Re: Scoring benchmark evaluation. Was RE: How to proceed with Bug 31841 - MultiSearcher problems with Similarity.docFreq() ?

David Spencer Thu, 27 Jan 2005 23:03:47 -0800

Chuck Williams wrote:

David,
Thanks for taking the lead on this!


You're welcome!

You have two fields for this collection, title and body, right?


Yes.


I'd like to configure this to use my DistributingMultiFieldQueryParser,
MaxDisjunctionQuery (and MaxDisjunctionScorer), and Similarity.
DistributingMultiFieldQueryParser has a simple API -- it generates the
uses of MaxDisjunctionQuery.  So these should be easy to integrate.
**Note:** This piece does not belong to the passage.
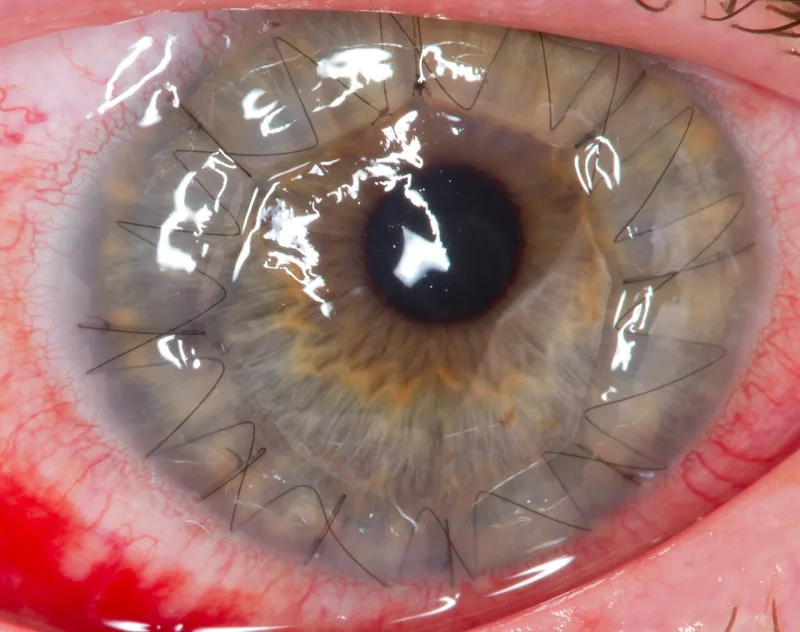 A human eye one day after a cornea transplant, the sutures still visible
What version of Java are you using?  My version of MaxDisjunctionQuery
requires Java 1.5. although another user modified it to work with Java
1.4.  If you are using 1.4, please let me know so I can look over the
modified version.

I'm on JDK 1.4.2_06 and Tomcat 4+. Had issues w/ the Tomcat 5.5+/JDK 1.5 combo so I rolled back.
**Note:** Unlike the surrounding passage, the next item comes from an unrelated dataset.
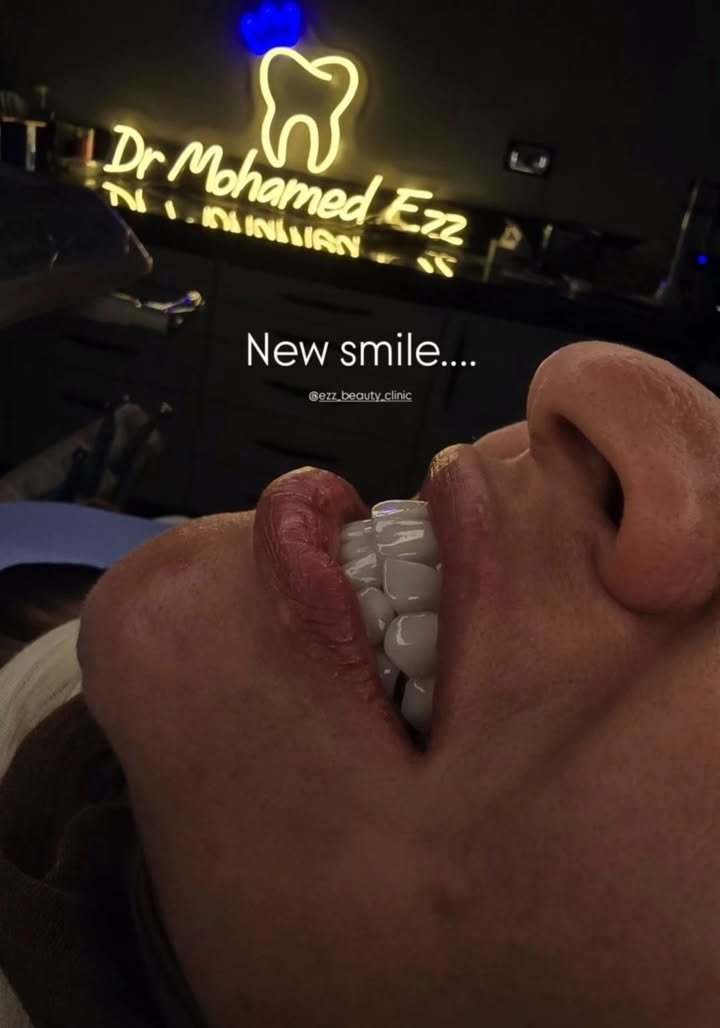 فينير الأسنان وتصميم الابتسامة - Ezz Dental Clinic مدينة نصر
All the classes except the Similarity are already posted
(http://issues.apache.org/bugzilla/show_bug.cgi?id=32674).  I need to
think about what field boosts to use for this collection with
DistributingMultiFieldQueryParser, and need to think about tweaking the
Similarity (as my database is substantially different from the
wikipedia).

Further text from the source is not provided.